CESOC continues the seminar series “My Research” this Winter term 2024/25 with a series of talks given by scientists from University of Bonn, University of Cologne and Research Centre Jülich.
This semester, we are excited to announce that the seminar series will be in a hybrid format and hosted by the different CESOC partners and it will also be streamed online (via zoom). The seminars will take place on Tuesdays on a bi-weekly basis at 16:00 hr.
on Tuesday, 17 Dec. 2024 at 16:00 (CST)
Paolo Andreozzi
a Step-UP fellow at ECMWF and Institute of Climate and Energy Systems (ICE), Troposphere (ICE-3), Forschungszentrum Jülich, talking on their work
“Constraining aerosol representations through interactions with clouds in the ECMWF’s Integrated Forecasting System”
It is open to any interested person within the CESOC research disciplines (any Earth system sciences, mathematics or computer science).
Please contact info[@]cesoc.net, if you would like to participate.

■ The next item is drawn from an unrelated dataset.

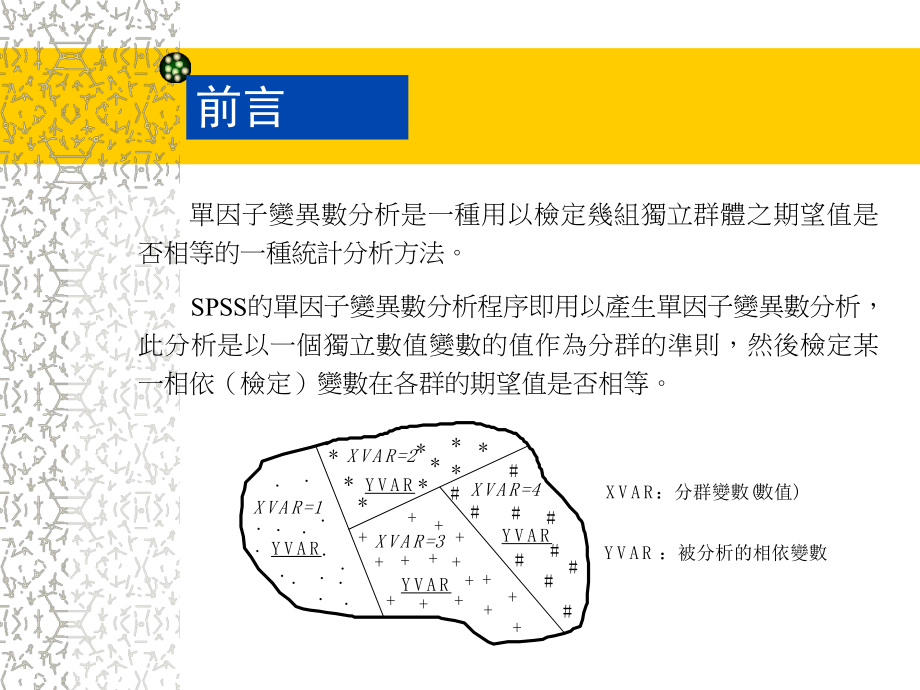 最新单因子变异数分析精品课件.ppt_第2页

Full Schedule is available here!
Abstract:
Aerosol-cloud-radiation interactions (ACI) determine microphysical properties of clouds, and particularly their reflectivity, to which the Earth’s climate is known to be very sensitive. Therefore, ACI have been for long time included in most climate models. However, the representation of ACI in models is still very uncertain. On the one hand, this limits the capacity of climate models to provide precise predictions. On the other hand, ACI have mostly been neglected in non-critical applications such as numerical weather prediction (NWP) settings. This seminar will show some results of the ongoing investigation to calculate the number of droplets (Nd) in liquid-phase clouds online from global aerosol fields in the ECMWF Integrated Forecasting System (IFS), i.e. the first indirect radiative effect of aerosols (also known as Twomey effect). Our new ACI scheme uses a lookup table, produced from offline cloud parcel model simulations, to estimate the number of aerosol particles activated into cloud droplets. This approach allows, among others, the effect of large sea salt to suppress the activation of sulphate aerosols to be included. Finally, such representation of ACI can be constrained against available satellite and station-based observations. This setup can be deployed in different configurations of the IFS, spanning from the NWP medium range (10-15 days) to seasonal forecasts to climate projections, either with a climatological or prognostic representation of aerosols. We will illustrate that ACI can effectively improve realism of cloud properties, by substantially reducing shortwave radiative flux biases in subtropical stratocumulus regimes. At the same time, ACI can also degrade forecasts in regions where the underlying aerosols are represented less correctly. We will show how we can exploit ACI to better understand underlying errors in the representation of aerosol species and inform associated removal and transport processes.